On 05.01.2022 12:40, Junio C Hamano wrote:
Fabian Stelzer <fs@xxxxxxxxxxxx> writes:
How about something like this:
int string_find_line(char **line, size_t *len) {
const char *eol = NULL;
if (*len > 0) {
*line = *line + *len;
if (**line && **line == '\r')
(*line)++;
if (**line && **line == '\n')
(*line)++;
}
if (!**line)
return 0;
eol = strchrnul(*line, '\n');
/* Trim trailing CR from length */
if (eol > *line && eol[-1] == '\r')
eol--;
*len = eol - *line;
return 1;
}
It is a confusing piece of "we handle one line at a time" helper.
It is not obvious what the loop invariants are.
It would be most natural to readers if *line points at the very
beginning of the buffer, i.e. the beginning of the first line,
and *len points at the very first character of that line, i.e. 0.

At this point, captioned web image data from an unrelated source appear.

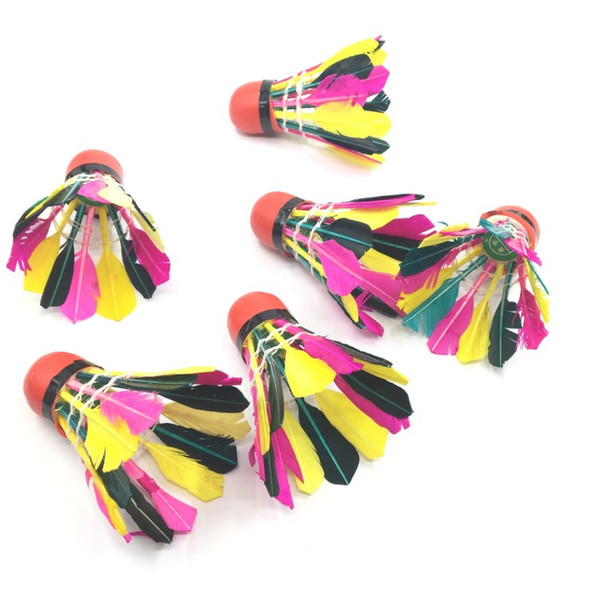 Hot sale colourfull and sale white color badminton ball set goose feather ball exercise fitness outdoor sports quality ball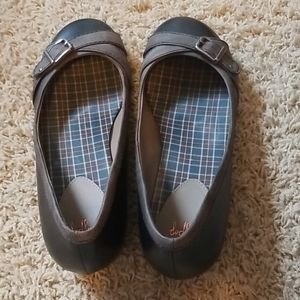 Black and gray low heel wedge shoe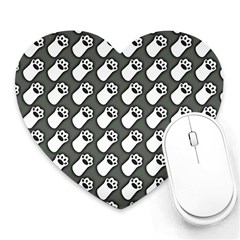 Grey And White Little Paws Heart Mousepad by ConteMonfrey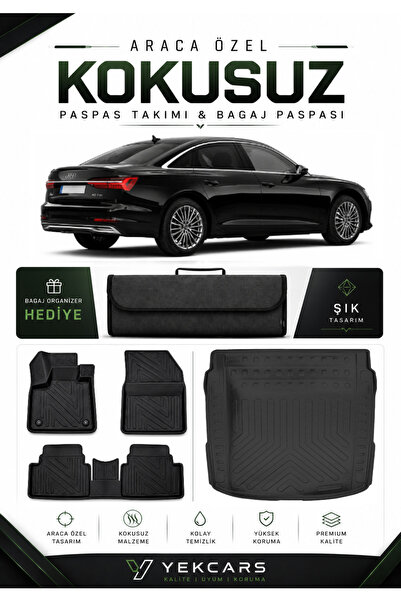 YEKCARS AUDİ A6 2023 MODEL ARACINIZA ÖZEL 4D KARBONLU KAUÇUK PASPAS TAKIMI VE...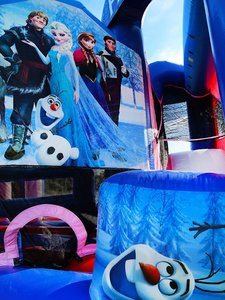 Bounce gonfiabile con scivolo <span class=keywords><strong>cartone</strong></span> <span class=keywords><strong>animato</strong></span> congelato 5 in 1 castello gonfiabile combinato per bambini - Product Image 4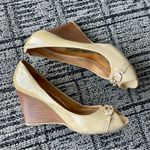 Coach  Elora Patent Leather Peep Toe Wedges Photo 5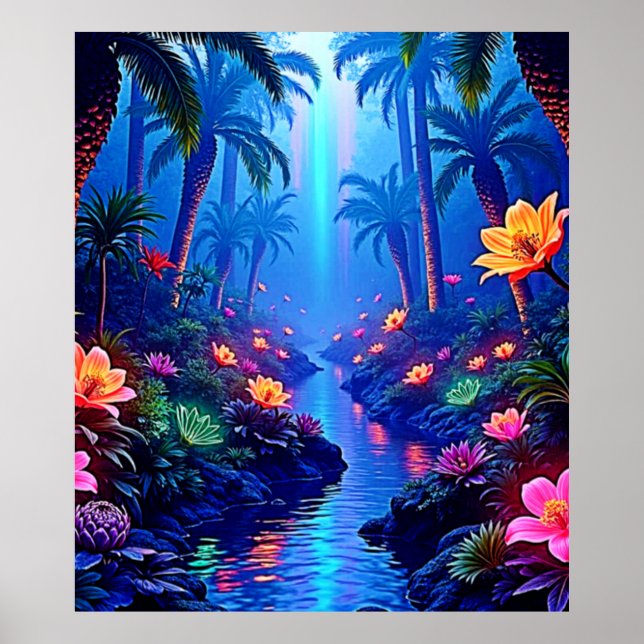 Enchanted Vibrant River Forest Dream Poster (Front)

But then the first thing this function worries about is a case where
*len is not 0. I obviously am biased, but sorry, I find what I gave
you 100 times simpler to understand.
There are a few more places where the same thing happens and text is just
split by LF, ignoring CR. The gpg parsing where this code originated being
the most prominent example. However those just parse some parts from the
output and the worst that seems to happen is a trailing CR in some log
outputs.
If we are ok with this then your version is indeed the better one. If we
want to correct the parsing at the other sites then I think a more
generalized function would be better. Since the gpg stuff is in place for a
long time and no one complained we can probably leave it as is. I'll prepare
a new patch.
Thanks